*PROBLEM TO SOLVE*
Below this line is a set of entries; quote exactly the lines from the line that contains "10646801 M-PETS COTO" to the line that contains "Cat ear,Gray Hair,Young", both lines included.

------ DATA SHOWN

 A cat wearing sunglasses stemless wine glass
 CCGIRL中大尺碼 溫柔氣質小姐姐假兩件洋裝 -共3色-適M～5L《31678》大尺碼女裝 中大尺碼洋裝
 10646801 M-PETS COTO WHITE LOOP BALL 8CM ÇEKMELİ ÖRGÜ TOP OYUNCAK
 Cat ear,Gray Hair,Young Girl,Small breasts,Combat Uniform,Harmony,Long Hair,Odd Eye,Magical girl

------------
------ DATA SHOWN

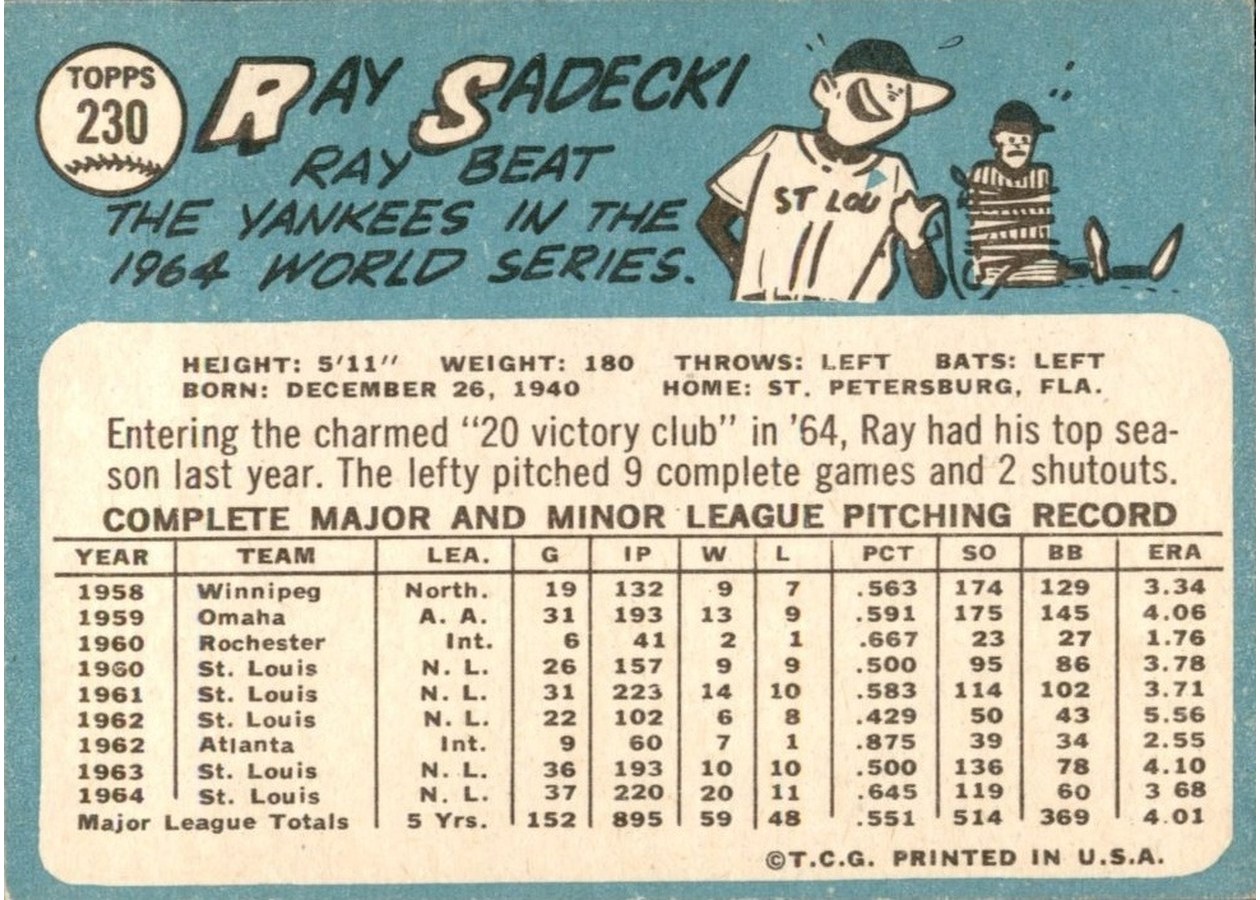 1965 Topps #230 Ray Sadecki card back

------------

*THE ANSWER*
 10646801 M-PETS COTO WHITE LOOP BALL 8CM ÇEKMELİ ÖRGÜ TOP OYUNCAK
 Cat ear,Gray Hair,Young Girl,Small breasts,Combat Uniform,Harmony,Long Hair,Odd Eye,Magical girl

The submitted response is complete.